Why can’t we be who we are in that moment.
Beth Williams says
I’m so sorry for what “well meaning” Christians say. Not sure why we feel we know how people should feel or act. Everyone grieves differently. No one can truly understand one’s loss. God does understand. He grieves with you & will help you through this grieving process. Praying for you & your family.
Beth Williams says
So sorry for the loss of your beloved daughter. Can’t imagine your grief. Know that I’ll be praying for you. Thank you for opening up & sharing this heart wrenching story. Those grieving any loss should quit striving & pretending.
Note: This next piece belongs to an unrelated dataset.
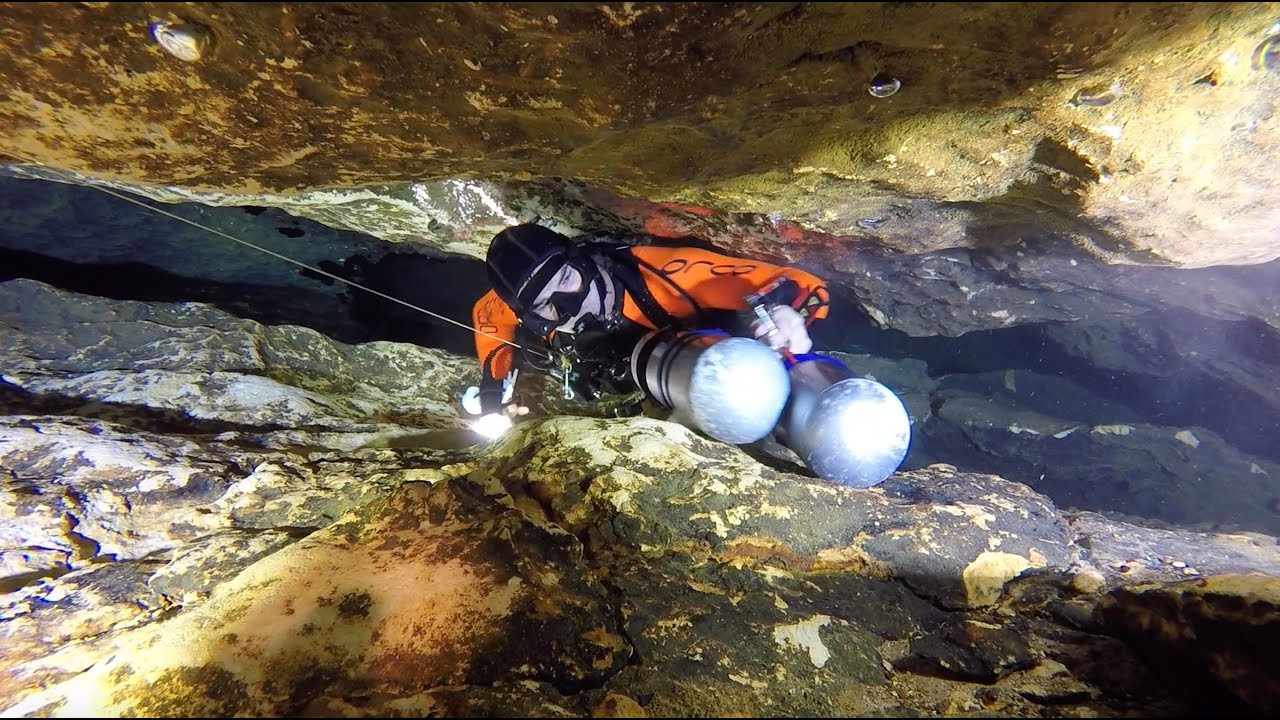 Rock Sandwich restriction in Jug Hole (Blue Hole Spring, Ichetucknee River)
Tell friends how you really feel. Let the tears flow. God understands & grieves with you. Life gets hard & messy. We make missteps. God has plans for us. Plans to prosper us & not for harm. We just need to bloom where He plants us. It may not be where we would choose to be, but God knows best. He can bring beauty out of ashes. God is constantly molding us into the person He wants us to be. Let’s do our part & bloom where He puts us. Pray for others & watch Him work.
Jocelyn Weber says
This was so beautiful. So deep. So perfectly, spot-on. I barely have words. Everything I have felt for 9 years now. The trying so hard? It’s a THING, isn’t it? It’s exhausting. I needed to read this.
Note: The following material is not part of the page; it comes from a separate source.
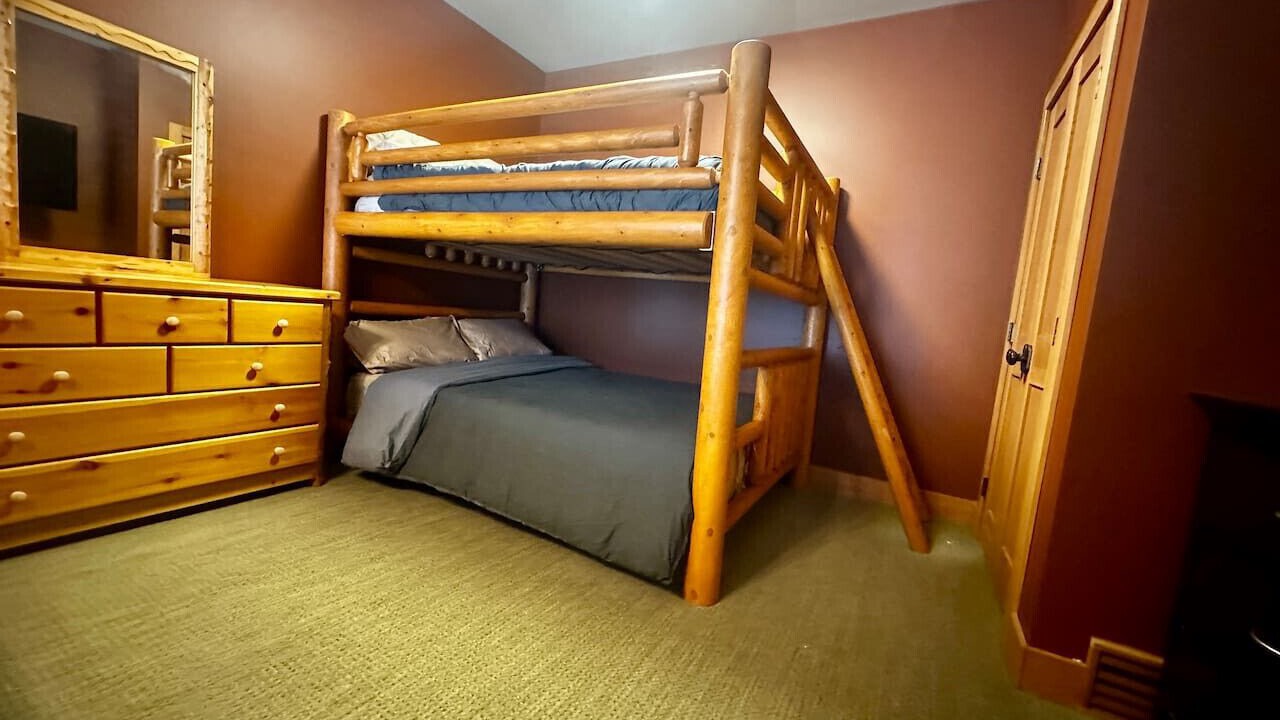 Photo of Bedroom in Golden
The other day, I heard the live version of “Sails”. Have you heard it? My heart needed the words so badly. I’m so glad God has been patient with me.
Thank you for writing this.
Thank You so much for this beautiful blog post! Since last October, I have lost way too many friends unexpectedly. Most of them 40 years old or younger. It has been a long season of grief and your blog post really touched me. I even linked back to it at my blog as my Write 31 days series is on grieving well. Thanks again!